Helm, who was 71, was the only American and only Southerner in the Band, the group of otherwise Canadian musicians who fused rock and roll with other forms of American folk music to arrive at a distinctive sound that became the wellspring of alternative country and Americana. In the early '60s, he moved to Toronto with popular rockabilly singer Ronnie "The Hawk" Hawkins' as drummer in his fellow Arkansas native's group the Hawks.
He met the other Band members - Robbie Robertson, Garth Hudson, Rick Danko and Richard Manuel - when they gradually joined the Hawks and then Hawkins left himself, leaving Helm to often sing lead. The group eventually became known as the Band, and songs such as "Up on Cripple Creek," "The Weight" and "King Harvest (Has Surely Come)" were sometimes described as belonging to a bygone America that never actually existed but should have.
The Band also served as Bob Dylan's backup group on several occasions, including an album recorded in 1967 but was not released until 1975 as The Basement Tapes. The group also backed Dylan on his 1974 tour, which was recorded for the live album Before the Flood. An early recording of Dylan and the group when they were still known as the Hawks, recorded at London's Royal Albert Hall in May 1966, was bootlegged for years and years until it was finally officially released in 1998 as Bob Dylan Live 1966: The Royal Albert Hall Concert.

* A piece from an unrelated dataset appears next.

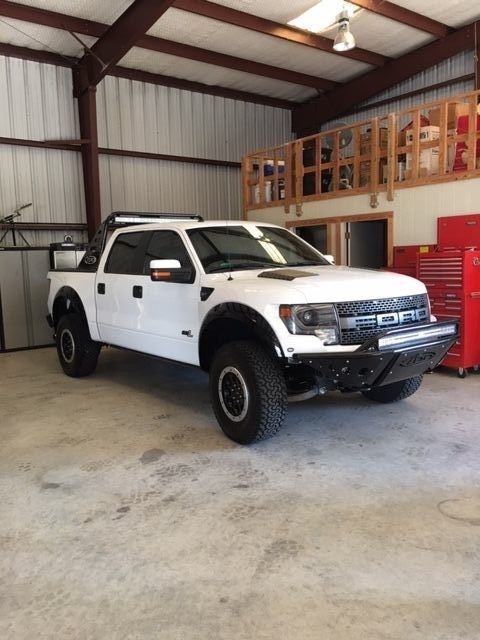 2013 ford f-150 raptor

Helm is prominently featured behind Dylan, Hawkins, Neil Young, Joni Mitchell, Dr. John and many others in the Band's famous final concert at San Francisco's Winterland Ballroom Thanksgiving night 1976, which director Martin Scorsese filmed for the 1978 movie The Last Waltz.
His album Dirt Farmer won a Grammy in 2007 for Best Traditional Folk Album, and follow-up Electric Dirt (2009) won for Best Americana Album. His 2010 live album Ramble at the Ryman won the same category last year.

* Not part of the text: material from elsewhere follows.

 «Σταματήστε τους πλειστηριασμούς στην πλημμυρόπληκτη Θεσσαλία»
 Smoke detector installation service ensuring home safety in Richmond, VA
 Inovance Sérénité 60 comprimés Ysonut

Helm also acted in several films, playing Loretta Lynn's (Sissy Spacek) father in 1980's Coal Miner's Daughter, and wrote the memoir This Wheel's On Fire, which is considered to be one of the best books about the music business in the '60s and '70s, in 1993.
The one and only time Rocks Off got to see Helm live was at the 2009 Austin City Limits Music Festival, while it was pouring rain. He had been ordered not to sing by his doctor, and although people like daughter Amy and Bob Dylan sideman Larry Campbell did most of the vocals, Helm could not contain himself.
"Rocks Off glanced up at the stage more than once and caught the spry Helm singing along," we wrote that October. "The rest of the time, the spry, rail-thin Arkansan was grinning from ear to ear as he whacked his drums like a 25-year-old."
Austin roots-rockers and frequent Houston visitors the Gourds recorded their most recent album, last year's Old Mad Joy, at Helm's studio near Woodstock in upstate New York, where the drummer hosted the "Midnight Ramble" open jam sessions for years.
The best part of recording the album, Gourds bassist and singer Jimmy Smith told Rocks Off's William Michael Smith last July, was "seeing Levon's grinning face while we were cutting."